It was Velantos. But how changed! He had always had a certain polish even when stripped for work, clothing mended and beard trimmed, as one might expect of a man raised in a king’s hold. Now he looked as if he had been sleeping in ditches. And even at the height of his frustration over the Star Sword every movement had radiated tension. Now she saw him emptied by despair. Instinctively she thinned the barrier so that she could hear as well as see.
“Tirilan!” Galid cried. “This man’s blood will be on your head if you do not come out to me!”
But it was Anderle who stepped out from between the stones.
“Lady Anderle!
” Lust and loathing were contained in those syllables, fear and a desperate need.
“Myself—” she replied. “Did you think you could take my child captive and I not know?” She cast a quick glance at Velantos, who had raised himself on one elbow. She flinched from the anguish in his gaze. “This is between you and me, Galid. Let the man go.”
“No, Anderle!” Velantos cried. “Get back behind the stones!”
“Do you know him?” Galid favored them both with a nasty smile. “He seems to know you. Do you care if he keeps his head?” He giggled suddenly and reached back into to the chariot for a long bundle. “That stiff neck might take some cutting, but look! He himself has provided me with a sword!” Radiance flickered across the stones as he drew what looked like a bar of light from the wrappings and swung it high.
“Pretty, is it not?”
Velantos’ eyes closed as Anderle stifled a cry.
“What do you
want,
Galid?” Anderle said evenly.
“Does that matter?” He spoke with a frenetic gaiety. “Your gods have given this island into my hand. No one will resist the man who wields this sword.”

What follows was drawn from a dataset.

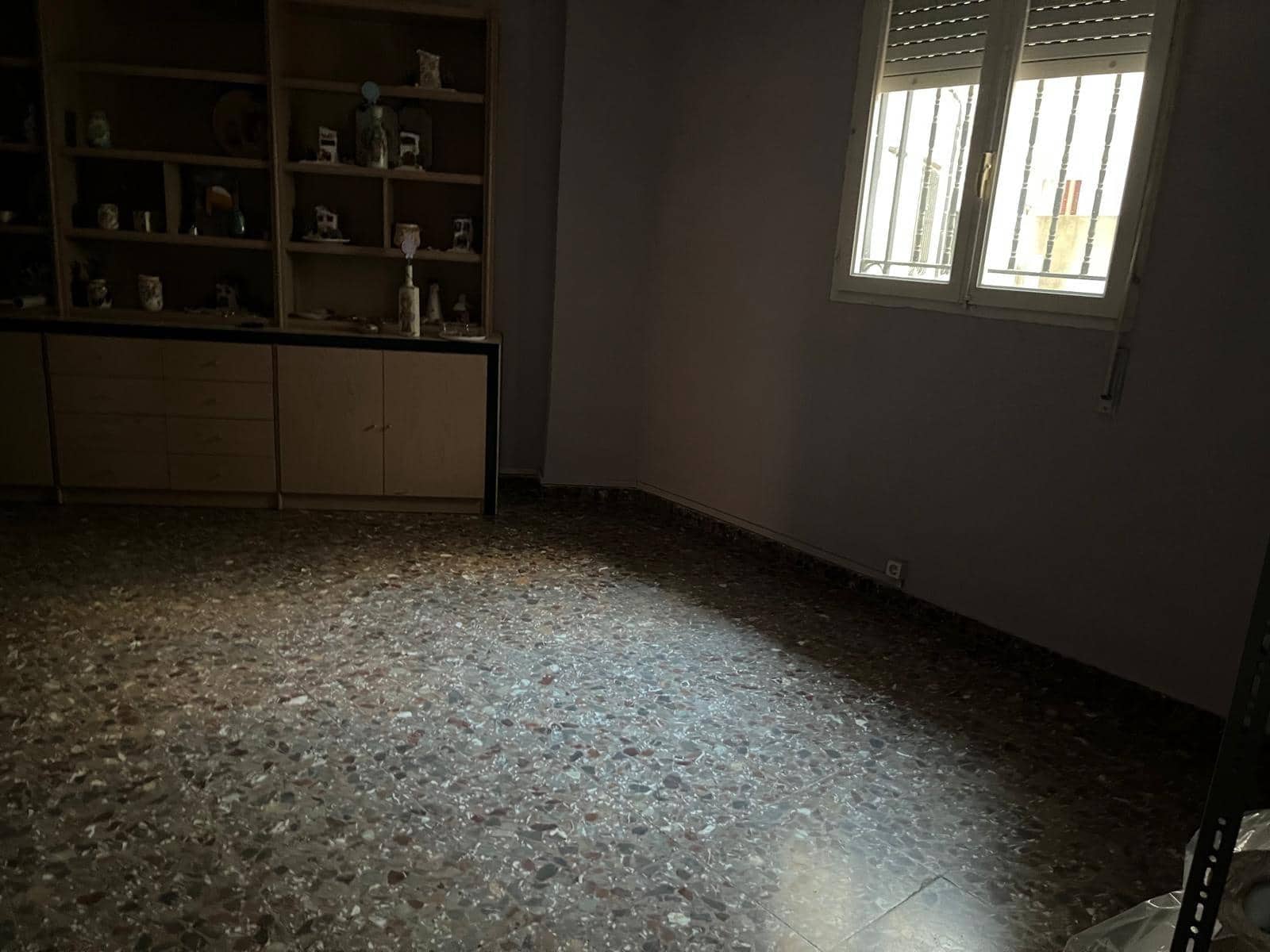 Erhverv til salg i Almansa - € 105.000 (Ref: 9285235)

And that, Anderle thought numbly, was no more than the truth. That was the power that she and Velantos had forged into the blade. But not for
him—
She wondered that the Star Sword did not leap in disgust from his hand.
“I suppose I should test it,” Galid went on. He stood over Velantos, twirling the blade with a wrist that had clearly lost none of its skill, though his belly hung over the belt of his kilt. “A slash, or a stab? Which would be the best way?”
“Oh that will be a brave deed,” Anderle said scornfully. “To slay a bound man!” She turned her gaze on the men in the chariots. “Surely the bards will sing scorn of the men who follow him!”
Galid looked sidelong at his men, who were beginning to grin as they scented a fight.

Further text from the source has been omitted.